New Zealand Deputy Prime Minister and Foreign Minister Winston Peters [Source: AAP Image/Ben Mckay]
New Zealand Deputy Prime Minister Winston Peters has talked down the impact of emissions on climate change at the Pacific Islands Forum Leaders Meeting.
The Kiwi foreign minister also cast doubt over whether NZ would continue to offer generous climate finance when the current budget runs out next year.
Mr Peters was a sole voice downplaying the climate crisis on the same day the United Nations released a report forecasting growing sea level rise and flooding events across the region.
Secretary-General Antonio Guterres’ attendance at the regional forum has brought a sharp focus to the devastating impacts of global warming in the Pacific.
However, asked by a Tongan-New Zealand journalist whether he believed in climate change, Mr Peters prevaricated.
“Do I believe in climate change? The answer is for thousands and thousands and thousands of years there has been climate change,” he said.
He suggested said a severe storm which killed 11 people in New Zealand in February 2023 was no different to those in years gone by.
“Cyclone Gabrielle happened in the 30s in Hawke’s Bay,” he said.
“The biggest tsunami in recent times was in 1968. There’s always climate change.
“There have been massive climate changes down over (millennia). There was a mini-ice age in the 1600s.
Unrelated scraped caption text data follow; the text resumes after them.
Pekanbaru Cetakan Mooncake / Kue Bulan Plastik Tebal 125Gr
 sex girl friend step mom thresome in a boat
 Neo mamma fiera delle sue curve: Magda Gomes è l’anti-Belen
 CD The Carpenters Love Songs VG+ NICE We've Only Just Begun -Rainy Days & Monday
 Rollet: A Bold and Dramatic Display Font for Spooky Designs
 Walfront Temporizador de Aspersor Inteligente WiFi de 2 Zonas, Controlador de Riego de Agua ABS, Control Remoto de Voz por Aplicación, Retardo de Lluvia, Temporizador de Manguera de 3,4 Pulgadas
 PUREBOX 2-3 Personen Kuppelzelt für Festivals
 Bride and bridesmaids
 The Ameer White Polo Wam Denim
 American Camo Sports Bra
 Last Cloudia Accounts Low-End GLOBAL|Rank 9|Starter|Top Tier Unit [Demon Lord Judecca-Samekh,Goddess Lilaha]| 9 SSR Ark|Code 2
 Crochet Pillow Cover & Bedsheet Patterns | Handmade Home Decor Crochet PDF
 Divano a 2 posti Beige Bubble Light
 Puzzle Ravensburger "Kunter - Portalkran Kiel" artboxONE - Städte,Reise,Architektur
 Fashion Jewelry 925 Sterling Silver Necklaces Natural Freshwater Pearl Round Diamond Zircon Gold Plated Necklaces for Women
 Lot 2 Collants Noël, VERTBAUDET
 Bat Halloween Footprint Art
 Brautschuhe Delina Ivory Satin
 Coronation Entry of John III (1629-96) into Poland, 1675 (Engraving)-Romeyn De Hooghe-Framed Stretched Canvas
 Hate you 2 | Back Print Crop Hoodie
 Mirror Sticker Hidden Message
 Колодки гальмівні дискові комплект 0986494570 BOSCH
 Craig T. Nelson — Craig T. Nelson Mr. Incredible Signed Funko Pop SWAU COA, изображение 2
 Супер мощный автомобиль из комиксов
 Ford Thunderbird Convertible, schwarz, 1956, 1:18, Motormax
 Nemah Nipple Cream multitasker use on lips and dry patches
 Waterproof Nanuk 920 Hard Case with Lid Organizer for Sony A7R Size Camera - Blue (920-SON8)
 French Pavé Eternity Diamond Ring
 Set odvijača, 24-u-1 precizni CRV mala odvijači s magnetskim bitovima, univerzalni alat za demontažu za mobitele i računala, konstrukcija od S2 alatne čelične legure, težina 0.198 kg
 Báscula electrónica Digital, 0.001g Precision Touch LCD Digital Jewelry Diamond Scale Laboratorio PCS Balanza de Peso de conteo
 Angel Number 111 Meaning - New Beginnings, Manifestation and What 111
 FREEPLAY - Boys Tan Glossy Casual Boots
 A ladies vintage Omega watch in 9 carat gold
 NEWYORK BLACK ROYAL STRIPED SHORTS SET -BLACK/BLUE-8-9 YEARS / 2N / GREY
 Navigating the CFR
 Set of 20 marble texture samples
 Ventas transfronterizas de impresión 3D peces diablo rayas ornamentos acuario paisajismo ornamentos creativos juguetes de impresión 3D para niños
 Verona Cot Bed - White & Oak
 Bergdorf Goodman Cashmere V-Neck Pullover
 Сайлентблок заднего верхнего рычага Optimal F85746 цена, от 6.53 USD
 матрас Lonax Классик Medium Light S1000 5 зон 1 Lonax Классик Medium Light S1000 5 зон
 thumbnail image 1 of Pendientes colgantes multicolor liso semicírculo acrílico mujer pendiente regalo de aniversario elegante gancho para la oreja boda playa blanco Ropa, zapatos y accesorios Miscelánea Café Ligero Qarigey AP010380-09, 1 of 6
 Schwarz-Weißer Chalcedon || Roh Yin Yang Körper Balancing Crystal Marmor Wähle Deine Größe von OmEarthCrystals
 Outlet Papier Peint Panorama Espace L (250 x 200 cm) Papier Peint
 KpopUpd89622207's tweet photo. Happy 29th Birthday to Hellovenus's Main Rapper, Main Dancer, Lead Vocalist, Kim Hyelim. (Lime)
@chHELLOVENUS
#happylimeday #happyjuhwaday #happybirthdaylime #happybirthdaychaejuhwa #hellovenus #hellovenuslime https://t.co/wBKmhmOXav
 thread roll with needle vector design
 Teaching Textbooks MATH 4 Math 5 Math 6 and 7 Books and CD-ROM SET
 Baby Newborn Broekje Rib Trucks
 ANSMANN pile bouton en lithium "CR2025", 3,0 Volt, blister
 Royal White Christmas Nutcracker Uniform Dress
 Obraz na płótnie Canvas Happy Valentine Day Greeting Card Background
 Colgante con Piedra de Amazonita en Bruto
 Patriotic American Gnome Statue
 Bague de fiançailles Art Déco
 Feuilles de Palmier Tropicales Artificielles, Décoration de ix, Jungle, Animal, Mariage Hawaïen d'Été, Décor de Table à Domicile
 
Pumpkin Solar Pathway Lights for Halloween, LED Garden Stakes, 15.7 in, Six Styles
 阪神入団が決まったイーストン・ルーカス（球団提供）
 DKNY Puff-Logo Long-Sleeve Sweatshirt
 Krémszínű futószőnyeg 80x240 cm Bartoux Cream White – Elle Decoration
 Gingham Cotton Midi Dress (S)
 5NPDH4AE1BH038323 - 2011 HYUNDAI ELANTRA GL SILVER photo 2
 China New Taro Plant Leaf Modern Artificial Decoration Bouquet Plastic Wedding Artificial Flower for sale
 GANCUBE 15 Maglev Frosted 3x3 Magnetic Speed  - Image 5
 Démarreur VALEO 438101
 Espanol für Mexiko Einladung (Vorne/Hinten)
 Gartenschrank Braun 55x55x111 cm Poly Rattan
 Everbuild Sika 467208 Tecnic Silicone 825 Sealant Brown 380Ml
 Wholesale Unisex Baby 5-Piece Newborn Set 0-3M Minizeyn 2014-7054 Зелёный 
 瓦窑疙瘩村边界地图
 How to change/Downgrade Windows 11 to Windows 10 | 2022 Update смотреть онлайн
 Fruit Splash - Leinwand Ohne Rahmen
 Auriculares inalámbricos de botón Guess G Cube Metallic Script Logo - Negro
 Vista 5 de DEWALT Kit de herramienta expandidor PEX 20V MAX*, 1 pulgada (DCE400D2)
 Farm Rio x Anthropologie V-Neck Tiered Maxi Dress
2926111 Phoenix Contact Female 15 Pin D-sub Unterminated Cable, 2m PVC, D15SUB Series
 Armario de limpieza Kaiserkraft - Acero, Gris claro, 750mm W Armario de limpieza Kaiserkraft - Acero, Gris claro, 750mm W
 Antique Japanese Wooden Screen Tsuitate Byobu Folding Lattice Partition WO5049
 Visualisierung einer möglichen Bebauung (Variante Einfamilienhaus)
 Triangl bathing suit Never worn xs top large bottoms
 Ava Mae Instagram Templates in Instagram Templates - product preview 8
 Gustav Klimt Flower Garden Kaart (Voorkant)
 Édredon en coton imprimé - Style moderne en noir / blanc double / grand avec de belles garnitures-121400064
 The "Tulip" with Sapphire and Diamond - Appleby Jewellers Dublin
We all understand that.
“Our job is to build as much as we can resilience against it and whilst we’re transitioning to a new age.”
Mr Peters’ comments jarred against the advocacy of Mr Guterres in Tonga this week, and of other Pacific leaders.
The UN chief issued a “global SOS to Save Our Seas” from rising sea levels, calling it a “crisis entirely of humanity’s making” and a “worldwide catastrophe putting this Pacific paradise in peril”.
Tuvalu Prime Minister Feleti Teo said he was delighted that the UN was platforming the climate cause.
“We’re very grateful for the UN secretary-general’s commitment to the cause of the Pacific in terms of climate change and of course (reducing) fossil fuels is at the core of it,” he told AAP.
Papua New Guinea Prime Minister James Marape said he “could not be more satisfied” by Mr Guterres’ advocacy.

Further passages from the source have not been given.